Bfinance consultant joins BAE Systems Pension Scheme

Vikram Aggarwal has joined the £8.9 billion scheme as investment manager, alternatives, PERE has learned.


One of the most highly rated UK-based real estate and alternatives consultants has joined BAE Systems Pension Scheme.

Vikram Aggarwal has joined the £8.9 billion (€10.4 billion; $13.8 billion) pension as investment manager, alternatives, having left his most recent employer of three years, bfinance. In his new role, Aggarwal will focus on real estate, infrastructure and other private investments such as timber, farmland and shipping. Traditional private equity investments, however, will be managed by his colleague, Jackie Canner.
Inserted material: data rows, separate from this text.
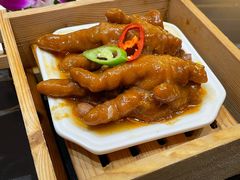 私房酱汁蒸凤爪-最忆早茶(蜀汉路店)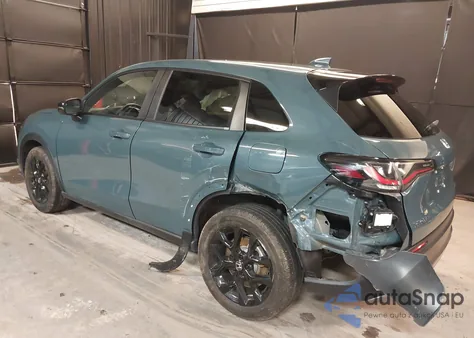 2025 Honda Hr-V Awd Sport z USA, uszkodzony, nr VIN 3CZRZ2H5XSM722286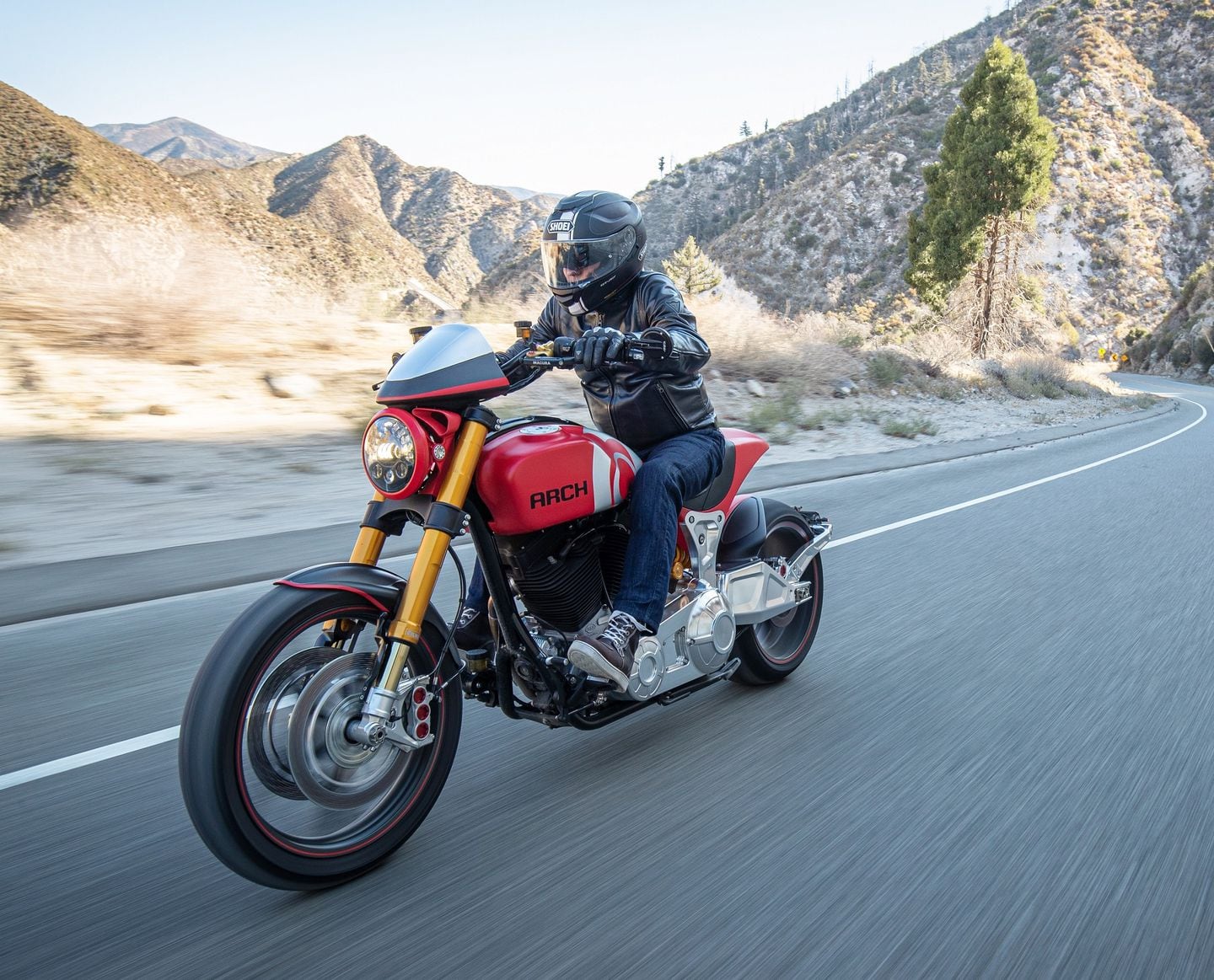 used arch motorcycle for sale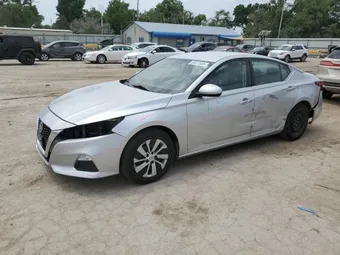 2019 Nissan Altima 1N4BL4BV6KC196744 Lot 58321855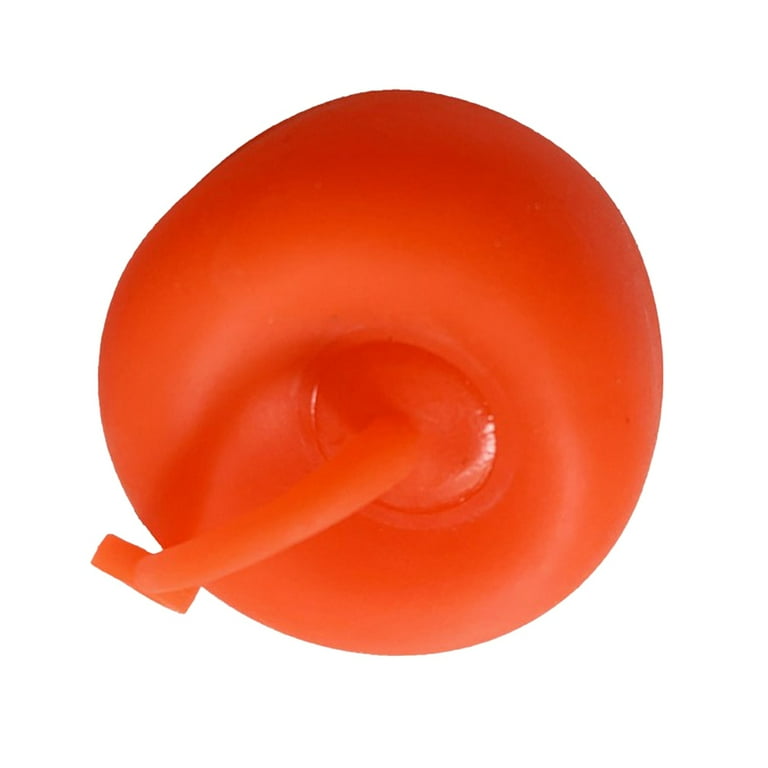 Balloon Toy Water Filled Outdoor Bubble Ball Inflatable Blow Up Children Balloon Toy, Orange, LV, Size: Large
He joined BAE Systems Pension Scheme earlier this month having worked for London-based bfinance since January 2010 where he undertook search and advisory projects relating to private asset classes; real estate, infrastructure and private equity for institutional clients in the UK, continental Europe, Canada and the Middle East.

Prior to that he worked at HSBC from 2003 to 2008, where he was part of a team that advised on unlisted real estate funds totaling around £2 billion in commitments. He also worked as an advisor to HSBC Bank Pension Trust on its £1 billion direct real estate portfolio and co-founded the HSBC Real Estate Multi-manager team. In June 2011 he figured in a feature published by PERE magazine called “Super senior advice” highlighting young gun consultants as well as senior advisors that have operated in the industry for decades.

BAE Systems Pension Scheme is based in Crawley in England, and has 7.4 percent of assets allocated to property according to its latest annual review published in September 2012. Of that, around £800 million is held in common investment funds, £628 million in pooled investment vehicles and £662 million in direct property.

It is one of 10 funds that have signed up as an investor to the UK's Pensions Infrastructure Platform that was launched by the National Association of Pension Funds and the Pension Protection Fund to ramp up infrastructure projects and at the same time offer an easier route for pension funds to gain access to projects that can be a good match for pension fund liabilities.

David Adam, chief investment officer, said in the annual review that the performance of financial assets continued to be volatile with equity markets initially rallying before declining again on concerns of political fragmentation and recessionary conditions across Europe.

UK equities make up 26.3 percent of assets; overseas equities 20 percent; and government bonds 10.6 percent.